← Back to context

Comment by diggan

8 hours ago

How do you know that that bot is part of those AI companies? Maybe it's my personal bot you're blocking, should I also not have (indirectly) access to the content?

No. Access to my content is a privilege I grant you. I decide how you get to access it, and via a bot that my setup confuses for an AI crawler belonging to an anti-human AI corporation is not a valid way to access it. Get off my virtual lawn.

  • > No. Access to my content is a privilege I grant you.

    Right, I thought the conversation was about public websites on the public internet, but I think you're talking about this in the context of a private website now? I understand keeping tighter controls if you're dealing with private content you want accessible via the internet for others but not the public.

    • All websites are private (excepting maybe government sites). In most places the internet infrastructure itself is private.

      You're conflating a legal concept that applies to areas that are shared, government owned, paid for by taxes, and the government feels like people should be able to access them.
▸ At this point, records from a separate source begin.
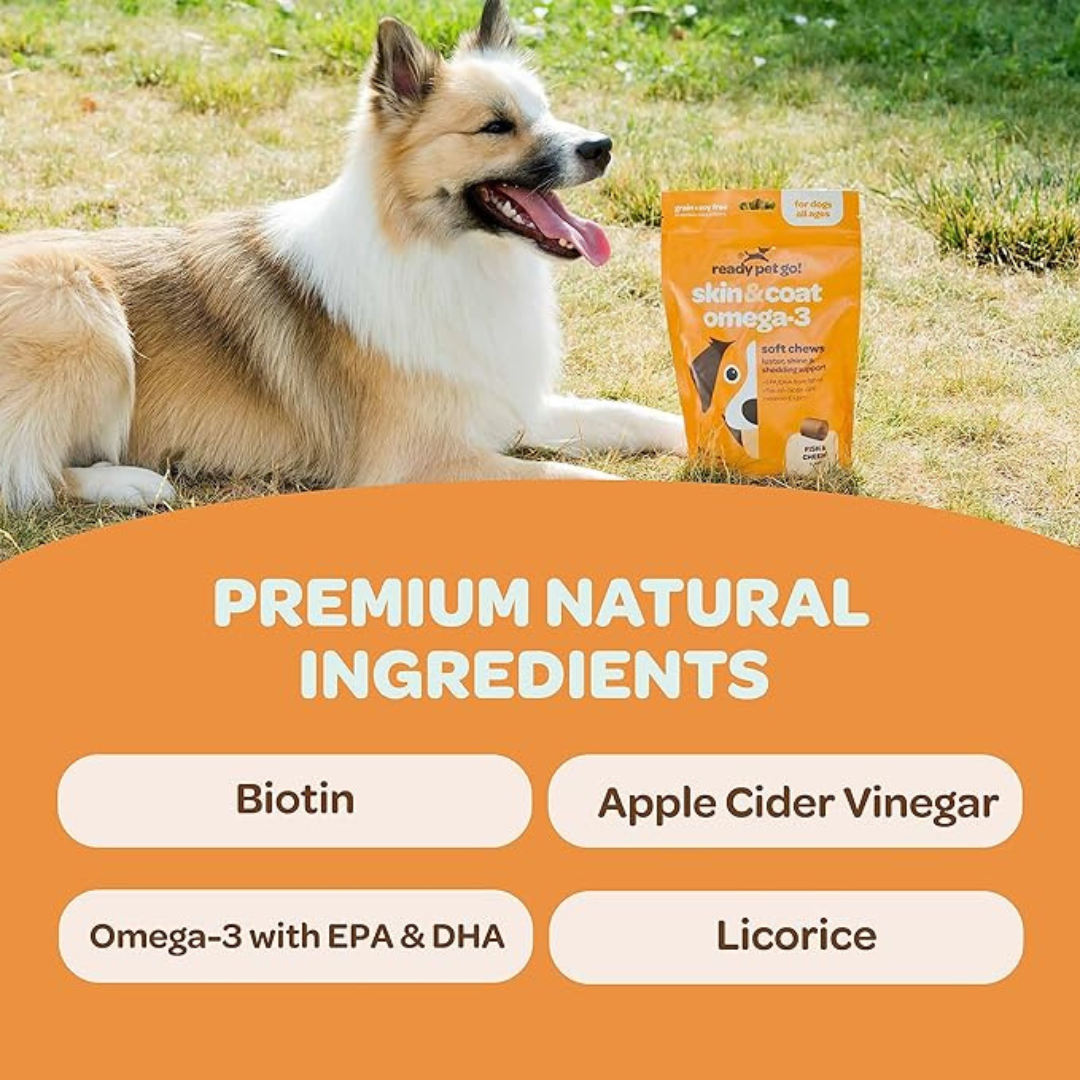 Omega 3 Fish Oil Supplement Chews for Dogs - Skin & Coat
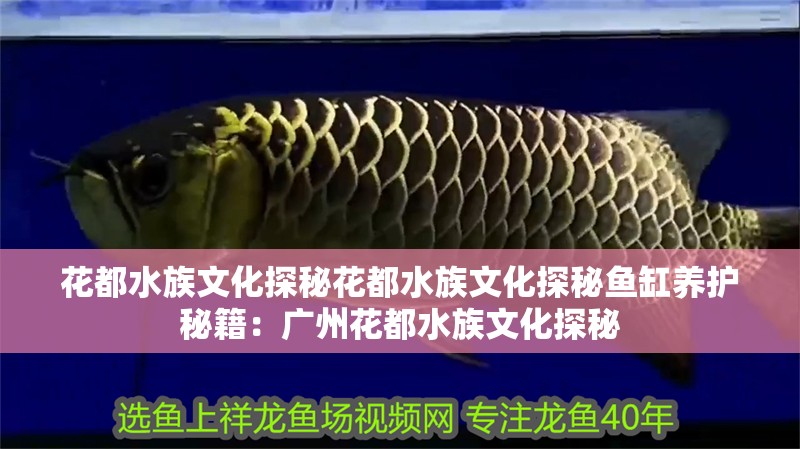 花都水族文化探秘花都水族文化探秘魚缸養護秘籍：廣州花都水族文化探秘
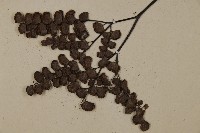 扇葉鐵線蕨藏品圖，第4張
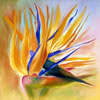 Birds of Paradise #9, 20" x 20" oil on canvas, 1986, corporate collection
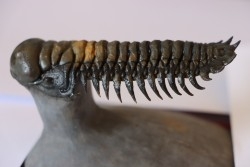 CROTALOCEPHALUS GIBBUS - Praguien - Foum Zguid, Maroc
      The web is closer to a shopping mall. You're on one persons property to access other people's stuff who pay to be there. They set their own rules. If you don't follow those rules you get kicked out, charged with trespassing, and possibly banned from the mall entire.
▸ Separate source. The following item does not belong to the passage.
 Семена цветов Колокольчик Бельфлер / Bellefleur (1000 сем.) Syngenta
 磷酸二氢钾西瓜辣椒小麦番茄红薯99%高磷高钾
      AI bots have been asked to leave. But, since they own the mall too, the store owners are more than a little screwed.
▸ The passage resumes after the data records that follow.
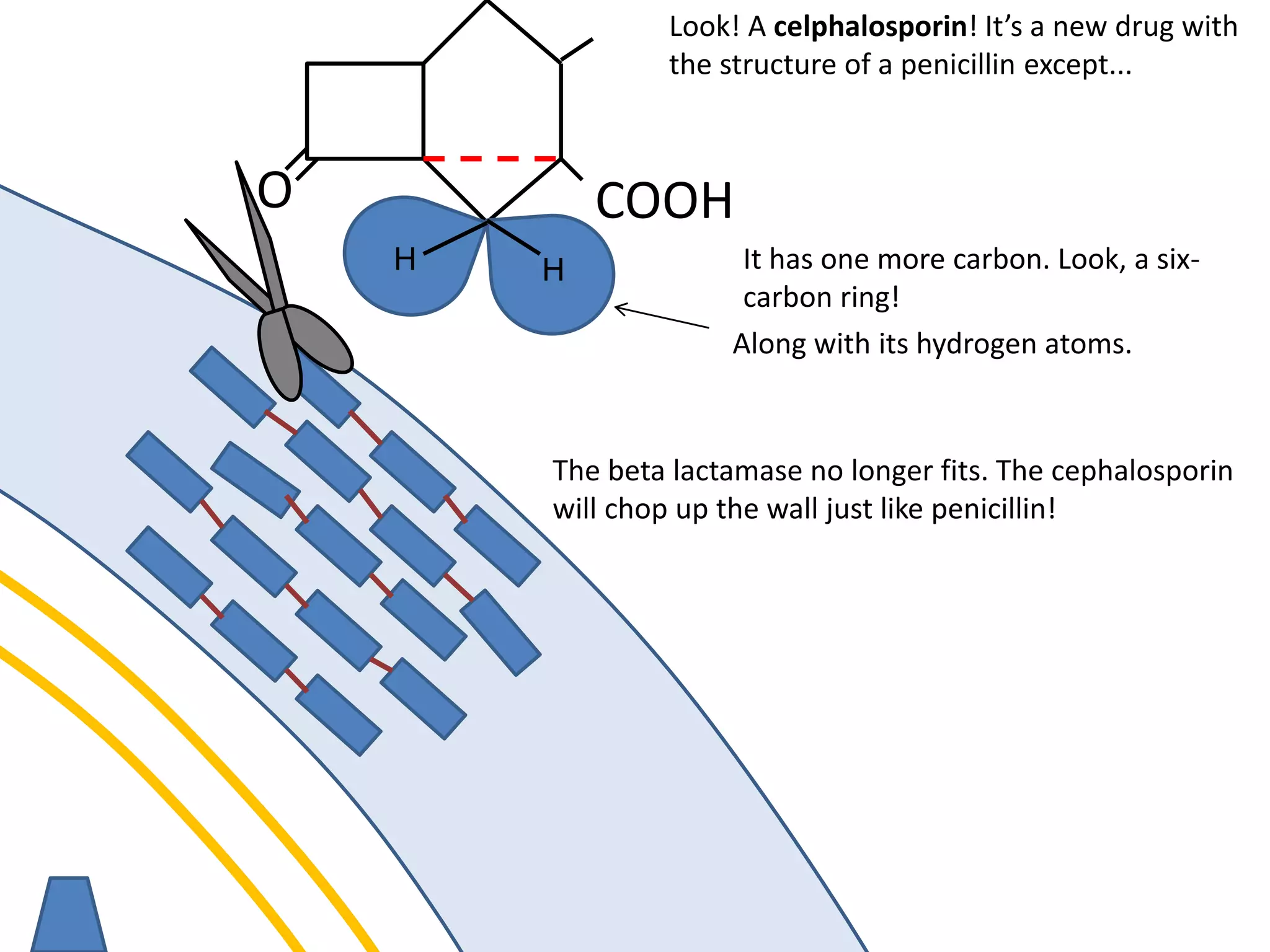 membrane
O COOH
Look! A celphalosporin! It’s a new drug with
the structure of a penicillin except...
It has one more carbon. Look, a six-
carbon ring!
The beta lactamase no longer fits. The cephalosporin
will chop up the wall just like penicillin!
HH
Along with its hydrogen atoms.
    • You’re literally visiting a service paid for by me. It’s open to the public, but it’s my domain and my server and I get to say “no thank you” to your visit if you don’t behave. You have no innate right to access the content I share.

      Blocking misbehaving IP addresses isn’t new, and is another version of the same principle.

    • This interpretation won't take you that far.

      Crawling-prevention is not new. Many news outlets or biggish websites already was preventing access by non-human agents in various ways for a very long time.

      Now, non-human agents are improved and started to leech everything they can find, so the methods are evolving, too.

      News outlets are also public sites on the public internet.

      Source-available code repositories are also on the public internet, but said agents crawl and use that code, too, backed by fair-use claims.

You can use a honest user string denoting that it's your bot. Some AI companies label their bots transparently, they show up on the logs I keep.

While I understand that you may need a personal bot to crawl or mirror a site, I can't guarantee that I'll grant you access.

I don't like to be that heavy-handed in the first place, but capitalism is making it harder to trust entities which you can't see and talk face to face.